# Training in Brax

Once an environment is created in brax, we can quickly train it using brax's built-in training algorithms. Let's try it out!

In [1]:
#@markdown ## ⚠️ PLEASE NOTE:
#@markdown This colab runs best using a GPU runtime.  From the Colab menu, choose Runtime > Change Runtime Type, then select **'GPU'** in the dropdown.

import functools
import jax
import os

from datetime import datetime
from jax import numpy as jp
import matplotlib.pyplot as plt

from IPython.display import HTML, clear_output


import brax

import flax
from brax import envs
from brax.io import model
from brax.io import json
from brax.io import html
from brax.training.agents.ppo import train as ppo
from brax.training.agents.sac import train as sac

First let's pick an environment and a backend to train an agent in. 

Recall from the [Brax Basics](https://github.com/google/brax/blob/main/notebooks/basics.ipynb) colab, that the backend specifies which physics engine to use, each with different trade-offs between physical realism and training throughput/speed.

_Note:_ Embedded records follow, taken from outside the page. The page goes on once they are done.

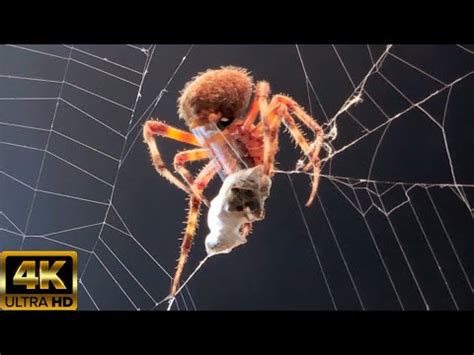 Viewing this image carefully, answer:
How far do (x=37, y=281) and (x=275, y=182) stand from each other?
0.54 metres

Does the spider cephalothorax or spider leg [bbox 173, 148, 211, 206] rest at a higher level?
the spider cephalothorax

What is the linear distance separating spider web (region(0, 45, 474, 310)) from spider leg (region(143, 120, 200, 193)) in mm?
158

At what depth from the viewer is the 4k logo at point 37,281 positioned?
51.0 inches

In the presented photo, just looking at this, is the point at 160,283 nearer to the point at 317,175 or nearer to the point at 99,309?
the point at 99,309

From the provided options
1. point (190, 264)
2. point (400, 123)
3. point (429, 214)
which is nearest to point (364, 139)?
point (400, 123)

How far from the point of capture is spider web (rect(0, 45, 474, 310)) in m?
1.31

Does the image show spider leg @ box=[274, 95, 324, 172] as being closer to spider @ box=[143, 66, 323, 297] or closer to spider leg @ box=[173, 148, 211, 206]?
spider @ box=[143, 66, 323, 297]

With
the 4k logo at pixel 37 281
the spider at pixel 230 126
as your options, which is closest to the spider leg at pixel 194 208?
the spider at pixel 230 126

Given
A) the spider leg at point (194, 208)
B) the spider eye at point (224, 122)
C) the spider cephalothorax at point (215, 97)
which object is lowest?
the spider leg at point (194, 208)

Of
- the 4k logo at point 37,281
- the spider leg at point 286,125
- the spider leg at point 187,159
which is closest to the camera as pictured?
the spider leg at point 286,125

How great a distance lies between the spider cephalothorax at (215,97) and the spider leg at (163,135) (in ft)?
0.09

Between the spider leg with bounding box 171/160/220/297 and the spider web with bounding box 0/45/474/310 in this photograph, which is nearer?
the spider leg with bounding box 171/160/220/297

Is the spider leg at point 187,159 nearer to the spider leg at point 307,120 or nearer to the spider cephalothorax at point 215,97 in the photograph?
the spider cephalothorax at point 215,97

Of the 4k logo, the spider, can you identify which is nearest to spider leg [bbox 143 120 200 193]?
the spider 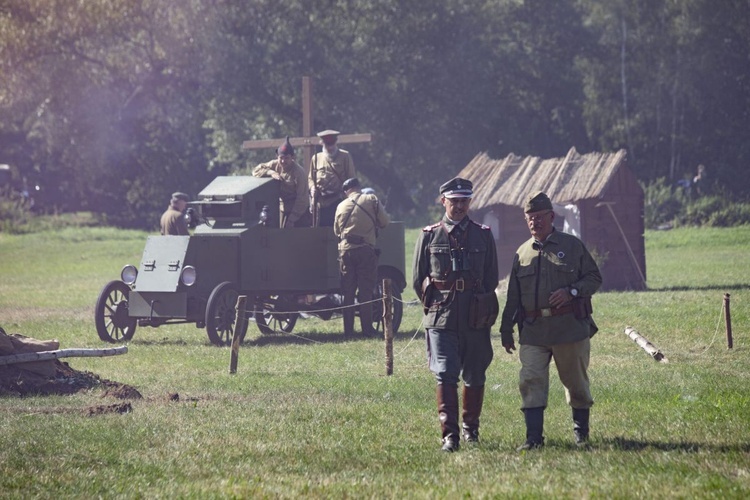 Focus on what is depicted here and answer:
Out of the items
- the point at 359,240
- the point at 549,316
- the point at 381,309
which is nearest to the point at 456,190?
the point at 549,316

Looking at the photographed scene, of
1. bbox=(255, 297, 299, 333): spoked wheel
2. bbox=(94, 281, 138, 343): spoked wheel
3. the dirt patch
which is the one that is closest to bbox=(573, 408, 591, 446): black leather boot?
the dirt patch

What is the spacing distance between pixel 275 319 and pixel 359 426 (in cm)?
1020

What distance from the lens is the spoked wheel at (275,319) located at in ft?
65.5

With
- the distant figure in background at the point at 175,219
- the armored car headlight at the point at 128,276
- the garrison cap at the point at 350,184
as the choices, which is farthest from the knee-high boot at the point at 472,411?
the distant figure in background at the point at 175,219

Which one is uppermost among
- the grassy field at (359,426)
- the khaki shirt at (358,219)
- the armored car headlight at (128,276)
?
the khaki shirt at (358,219)

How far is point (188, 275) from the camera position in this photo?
60.3 ft

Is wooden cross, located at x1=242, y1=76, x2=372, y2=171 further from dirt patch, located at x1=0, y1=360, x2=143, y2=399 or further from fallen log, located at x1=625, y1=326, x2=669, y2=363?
dirt patch, located at x1=0, y1=360, x2=143, y2=399

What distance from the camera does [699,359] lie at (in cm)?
1537

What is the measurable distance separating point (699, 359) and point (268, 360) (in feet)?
18.4

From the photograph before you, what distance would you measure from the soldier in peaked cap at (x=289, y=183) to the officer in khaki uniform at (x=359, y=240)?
1.15 meters

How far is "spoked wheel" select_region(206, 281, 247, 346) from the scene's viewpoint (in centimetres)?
1803

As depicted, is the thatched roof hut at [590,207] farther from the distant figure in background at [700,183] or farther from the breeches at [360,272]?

The engines generally decrease in physical realism but increase in speed in the following order: `generalized`,  `positional`, then `spring`.


In [2]:
import importlib
importlib.reload(brax)

from brax.envs.fd.finger import Finger

env = Finger()
state = jax.jit(env.reset)(rng=jax.random.PRNGKey(seed=0))

# Training

Brax provides out of the box the following training algorithms:

* [Proximal policy optimization](https://github.com/google/brax/blob/main/brax/training/agents/ppo/train.py)
* [Soft actor-critic](https://github.com/google/brax/blob/main/brax/training/agents/sac/train.py)
* [Evolutionary strategy](https://github.com/google/brax/blob/main/brax/training/agents/es/train.py)
* [Analytic policy gradients](https://github.com/google/brax/blob/main/brax/training/agents/apg/train.py)
* [Augmented random search](https://github.com/google/brax/blob/main/brax/training/agents/ars/train.py)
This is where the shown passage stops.